Most information required to undertake an investigation or design evaluation is maintained in-house (such as material fatigue properties), or readily available from the operating records (history of hours and starts, flow conditions, load ramp rates).      

Basic information needed to start:

Additional information :

  • Component Geometry

TTI has routinely relied on drawings, component samples or electronic scans to start an investigative or design evaluation. Para-solid files (.et) are preferred. In cooperative situations, confidentiality agreements with the manufacturers can be arranged to gain access to a description of the necessary geometry.

  • Inlet/Outlet Flow Parameters

A heat balance diagram is normally sufficient to identify the overall inlet and exit flow rates, pressures and temperatures, which are used to calculate the stage-to-stage flows and bending forces around the blades of interest.  Diagrams for partial load conditions are sought if the unit follows load frequently.

Depending on the objective of the project, the following additional information can be used to strengthen and check the validity of the analysis.

  • Metallurgical Analysis

In cases where cracking or failure has occurred the results of a metallurgical analysis are sought which established the type of material, whether it met code and features of fatigue, corrosion etc. found on the fracture surface.

  • Rotor and/or Flow Path Geometry
  • BVM Measurements

An electronic file (CAD or scanned) of a blade geometry is preferred along with a blade count of the row and reasonably detailed cross section of the rotor/disc.  The outer tip diameter of the assembled wheel is used as a check of the FE model. For any CFD analysis, a longitudinal diagram and count of the upstream guides are requested. 

To independently process BVM data, measurements of tip displacements are sought, with particular attention to peak responses obtained during start-up or during load changes. 

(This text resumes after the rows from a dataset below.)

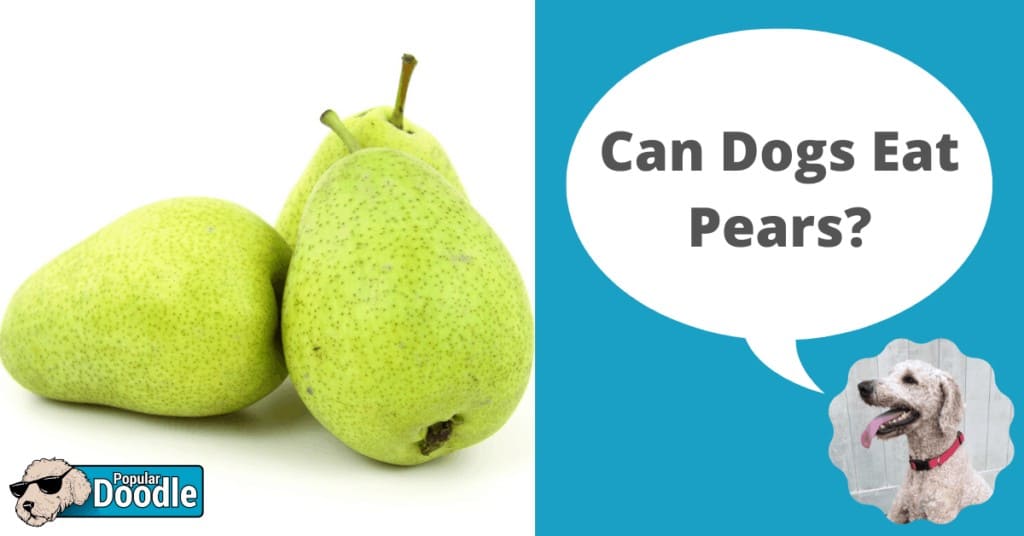 is pear ok for dogs to eat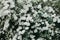 White meadowsweet flower texture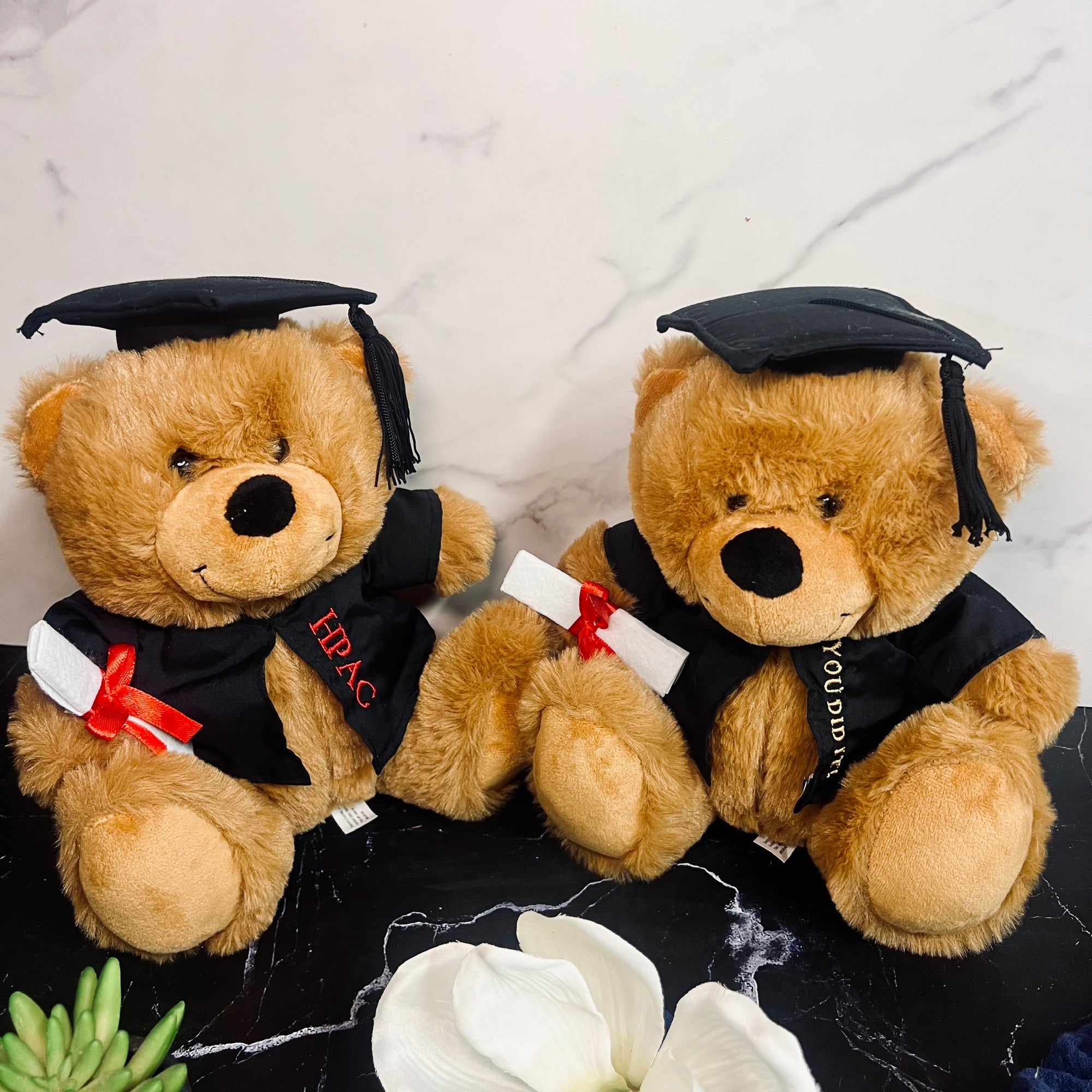 Personalised Embroidery Graduation Teddy, Custom Embroidered Cap & Gown Bear, Kid Preschool/ Year 6/ 12/ University Grad Plush Keepsake Gift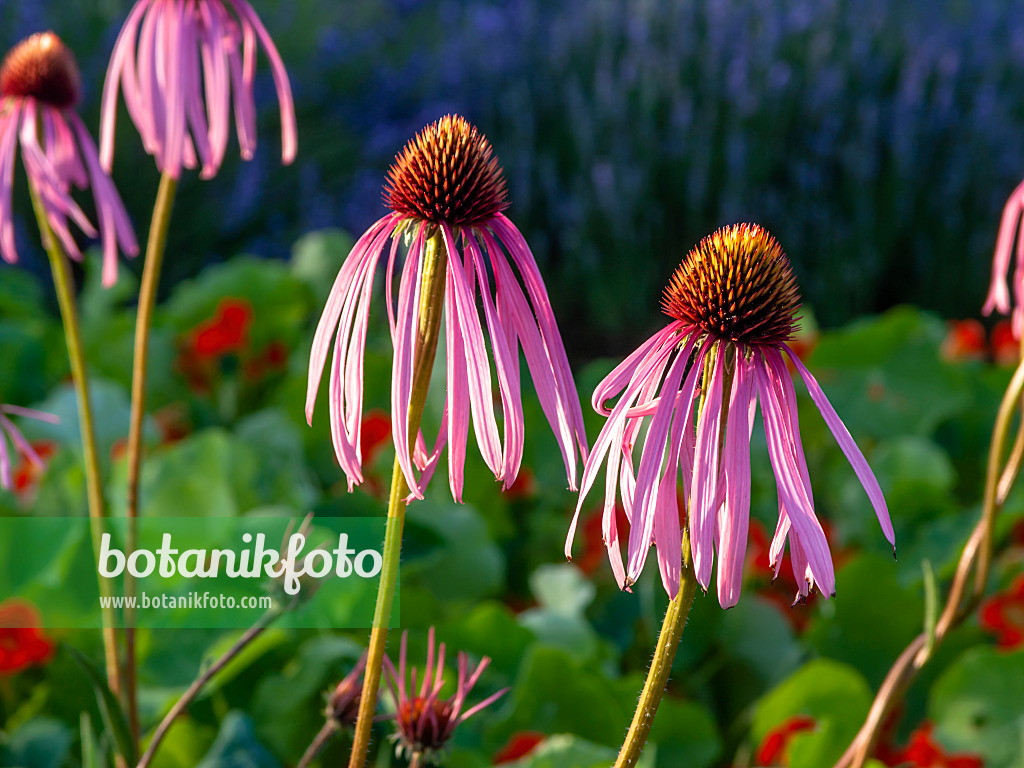 461173 - Pale purple cone flower (Echinacea pallida)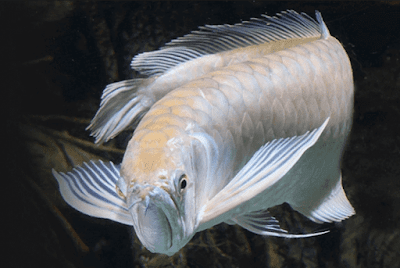 Berbagai Penyakit Ikan Arwana Beserta Penyebab Dan Cara Penyembuhannya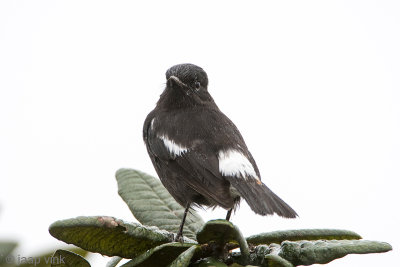 Pied Bushchat - Zwarte Roodborsttapuit - Saxicola caprata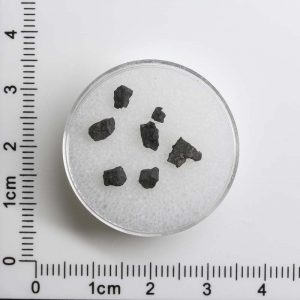 NWA 8534 CM1/2 Meteorite 0.2g+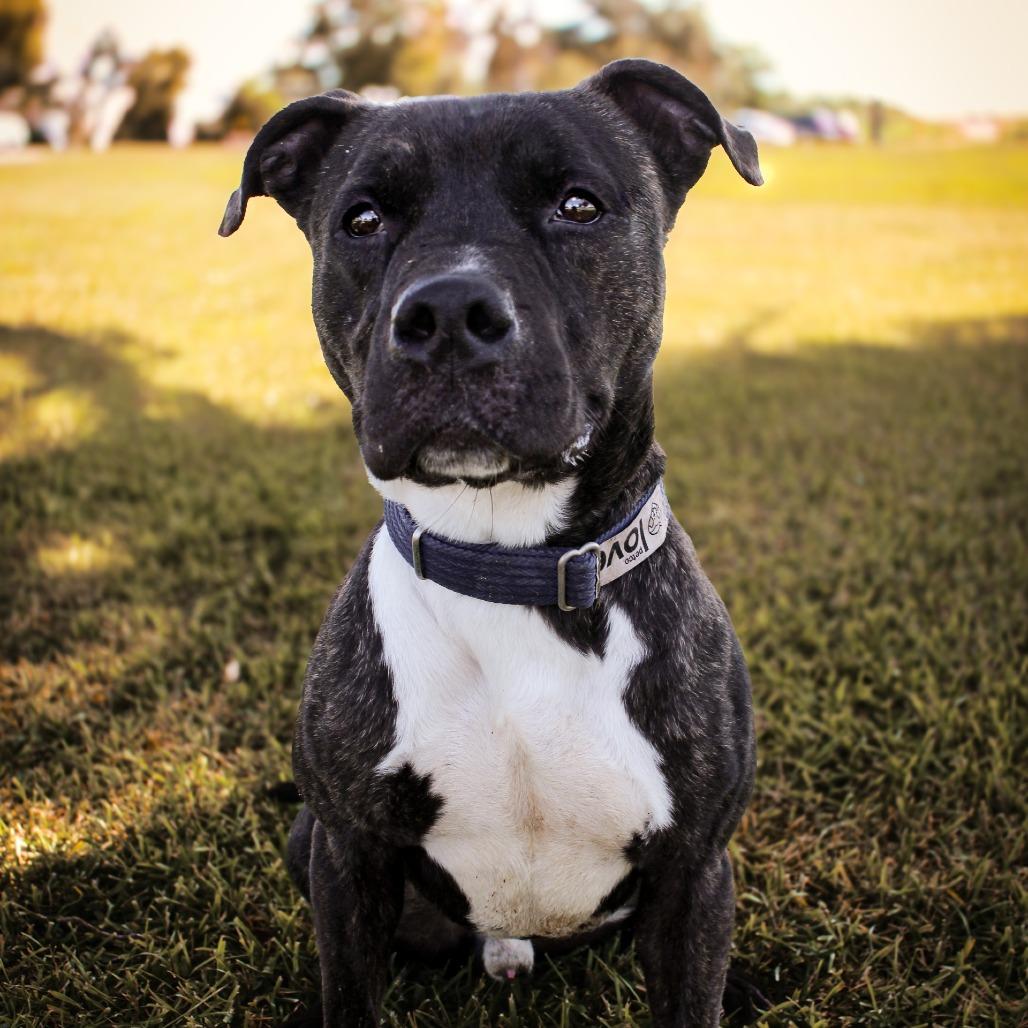 Boudin — thumbnail 3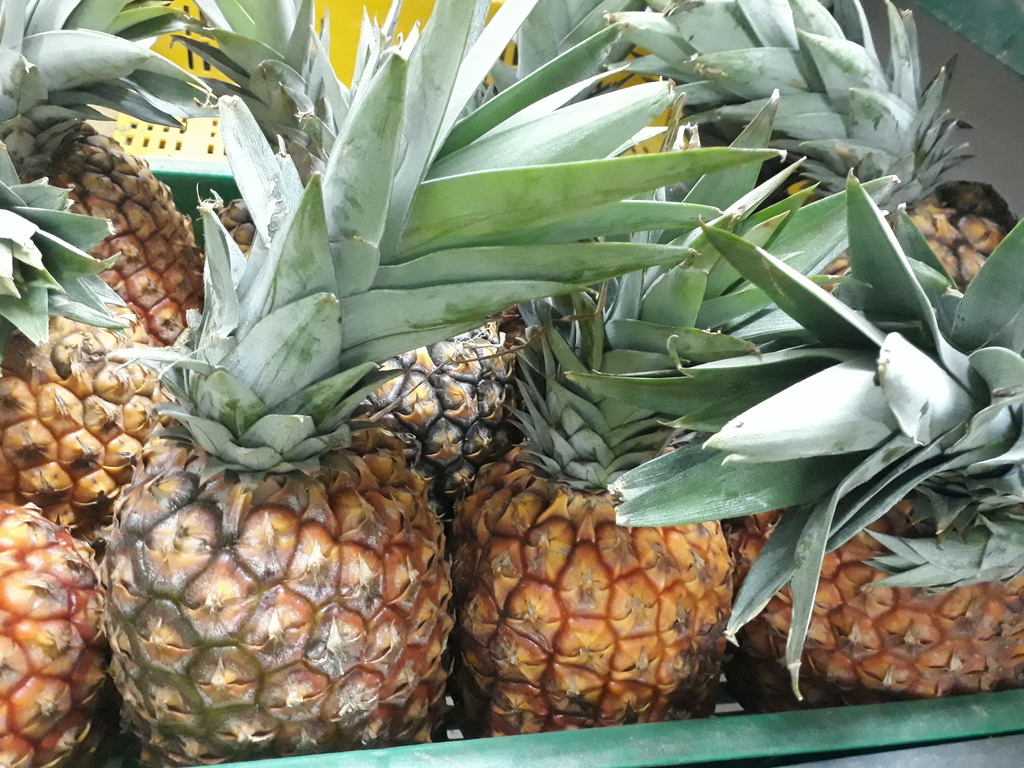 Piña común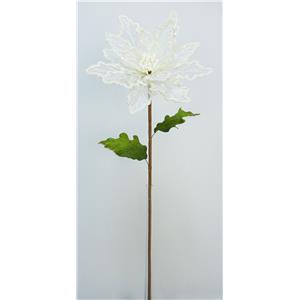 040907904424-galerias el triunfo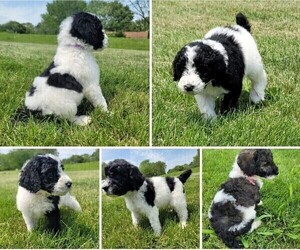 Poodle (Standard) Puppy for Sale in SUMMERSVILLE, Missouri USA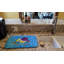 Tapis tropical pour le séchage des poissons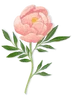 Peony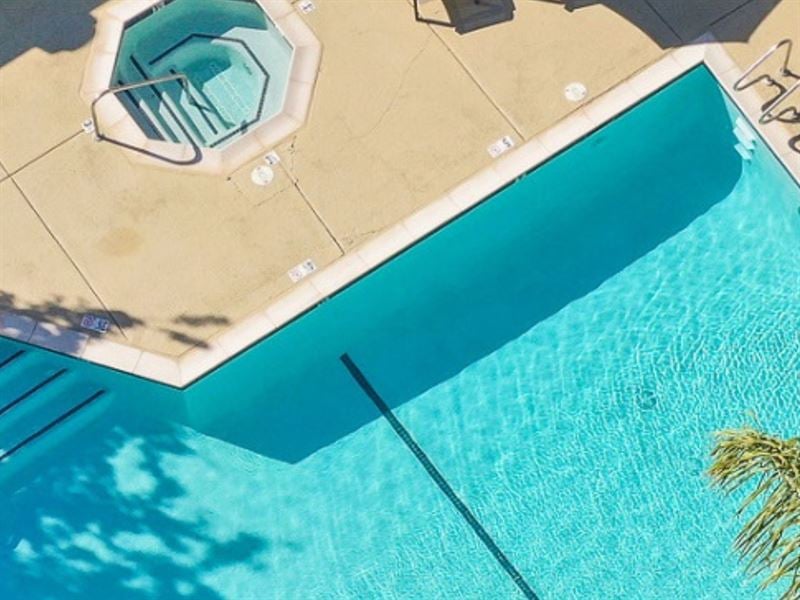 Overhead view of a swimming pool with a hot tub and palm tree nearby.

TTI is used to working with operators who may have limited information at their disposal.

  • Operating History

A summary of starts and operating hours is sought from when the component went into service to when damage was discovered.  These records are used to correlate against the stress-based predictions of crack initiation and propagation. For load following units, examples of the daily load swings and their frequency are requested.